A mettere le cifre nero su bianco è il Centro di formazione e ricerca sui consumi (Crc), che ha analizzato i costi delle principali direttrici autostradali incrociando distanze e consumi medi dei veicoli. Il risultato lascia ben poco spazio all'ottimismo: per percorrere la tratta Torino-Palermo (circa 1.588 chilometri tra andata e ritorno), la spesa minima in carburante tocca i 453 euro con un'auto a benzina e 389 euro con un mezzo a gasolio.
Le cose non vanno molto meglio lungo la spina dorsale del Paese. Per scendere da Milano a Catania servono tra i 328 e i 382 euro a seconda dell'alimentazione, mentre superano abbondantemente il tetto dei 300 euro anche tragitti molto frequentati come la Genova-Catanzaro, la Bolzano-Lecce o la Bologna-Reggio Calabria.

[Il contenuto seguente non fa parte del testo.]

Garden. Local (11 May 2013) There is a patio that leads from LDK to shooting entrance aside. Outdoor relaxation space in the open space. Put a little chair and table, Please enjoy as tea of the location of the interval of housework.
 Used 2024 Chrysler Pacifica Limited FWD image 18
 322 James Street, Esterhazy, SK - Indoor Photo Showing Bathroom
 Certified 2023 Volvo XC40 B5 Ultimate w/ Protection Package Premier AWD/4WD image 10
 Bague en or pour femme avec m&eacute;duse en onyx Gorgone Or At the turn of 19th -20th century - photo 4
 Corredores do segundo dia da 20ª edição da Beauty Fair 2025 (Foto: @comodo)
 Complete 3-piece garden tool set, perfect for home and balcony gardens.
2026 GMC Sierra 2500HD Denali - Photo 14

La sorpresa più amara della stagione riguarda però chi guida un veicolo a gasolio. Sebbene siano stati adottati interventi di taglio sulle accise, il diesel si conferma la vera nota dolente di questa estate: un litro costa oggi in media il 26% in più rispetto allo stesso periodo del 2025, che si traduce in un aumento effettivo di oltre 43 centesimi al litro ogni volta che si fa il pieno. La benzina verde, pur registrando un rincaro più contenuto (+16,5%), non concede comunque sconti.
A complicare il quadro intervengono poi le abituali differenze di prezzo lungo la rete viaria, come sottolinea con chiarezza il presidente del comitato scientifico del Crc, Furio Truzzi: “La situazione peggiora se i rifornimenti avvengono in autostrada, dove notoriamente i prezzi dei carburanti sono più elevati rispetto alla rete ordinaria, o se si ricorre alla modalità servito”.
Un quadro che rischia di pesare in modo significativo sui bilanci delle famiglie, trasformando il primo rifornimento del viaggio in una spesa rilevante ancora prima di essere arrivati a destinazione.